Imagine that you’re in the grocery store, full cart in tow. It’s a busy Saturday night, and the checkout lanes are teeming with other customers. But each lane is slightly different—not only do they have different numbers of customers, but each customer’s cart has a different number of items. How do you know which lane to choose?
The answer, says Justin Halberda, an associate professor in the Department of Psychological and Brain Sciences, lies in your number sense—an intuitive understanding of quantities, how they relate to each other, and how they can change with various mathematical operations. It’s the sense that allows you to estimate how many items are in an individual customer’s cart, tells you whether one cart has more or fewer items than another, and tells you that because the lead cart’s items are being steadily laid on the checkout counter’s belt, that cart’s numbers are decreasing.
Halberda and his colleagues have discovered that this “number sense” is universal among cultures across the world and even different species. Studies have shown that humans, nonhuman primates, and even rats have the ability to compare quantities, even if they don’t have the language to tell you that there are five pieces of cheese in a pile.

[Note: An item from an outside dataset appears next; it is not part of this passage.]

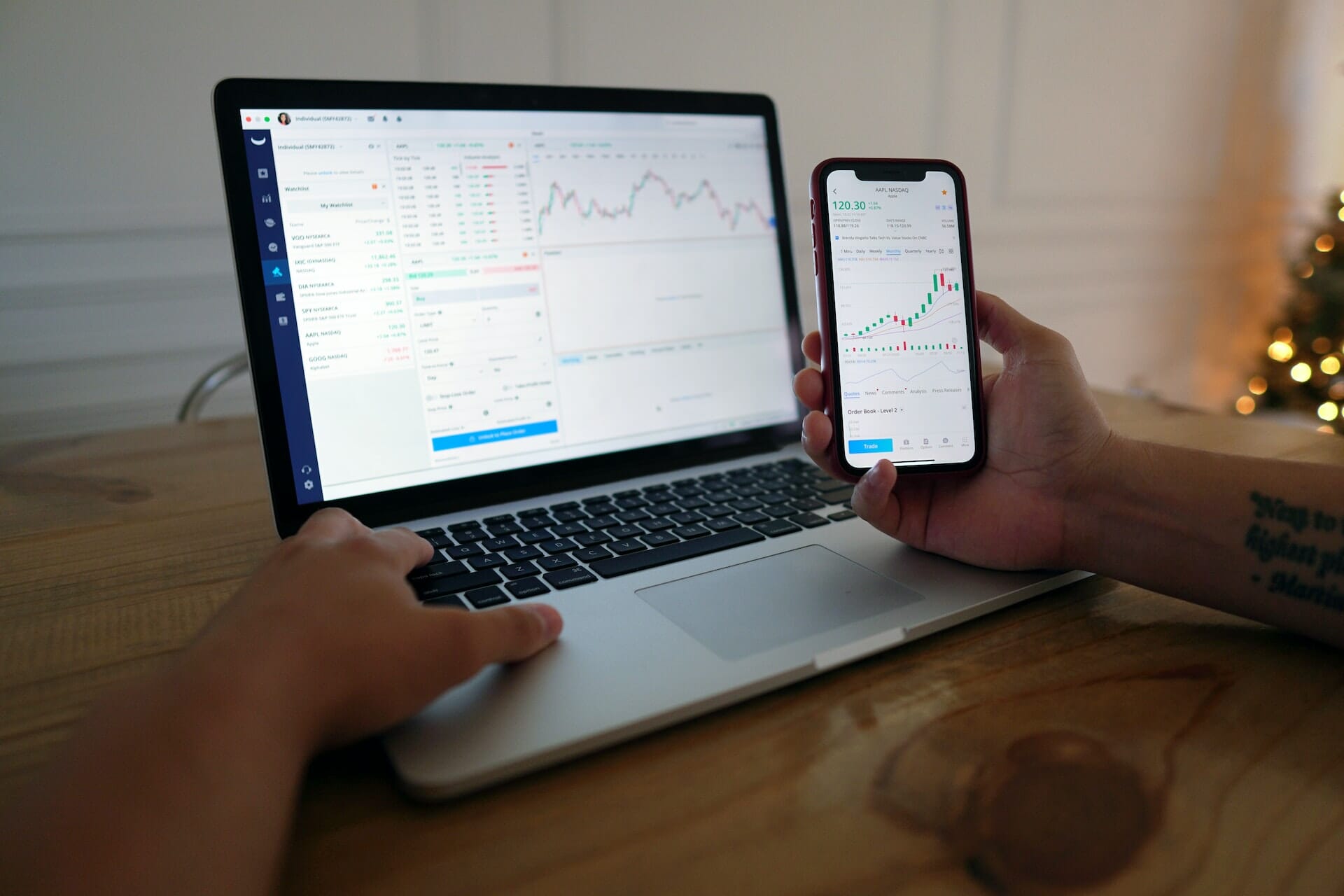 Nieuw aanbod - investeren in bedrijven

Even though we all have number sense, when in the life span did we acquire it? And how will it change throughout our lives? Over the past several years, Halberda and his colleagues at Hopkins’ Laboratory for Child Development have taken on these questions, developing a timeline of when number sense starts and how it tracks with age.
Researchers have long known that babies get bored looking at the same thing. Consequently, Halberda and his colleagues tested whether babies could distinguish between numerical quantities by showing them different representations of the number 8, such as colored dots on a screen, and then switching it up by changing the number. Tests showed that babies as young as 4 months old looked longer when there were big differences between quantities—say, between 8 and 16—but didn’t register a change when quantities were closer, as between 8 and 12.
Until last year, the group’s research revealed that number sense sharpened at least until age 10—the oldest age that the researchers had been able to gather enough subjects to make findings statistically significant. Getting a large number of children and adults to come to the lab was challenging.
“Tracking cognitive abilities in general across the entire life span has been a nearly impossible challenge for scientists to overcome because you can’t get all those people to come into the lab,” Halberda explains. But he and his colleagues had an idea: Why not present their study over the Internet?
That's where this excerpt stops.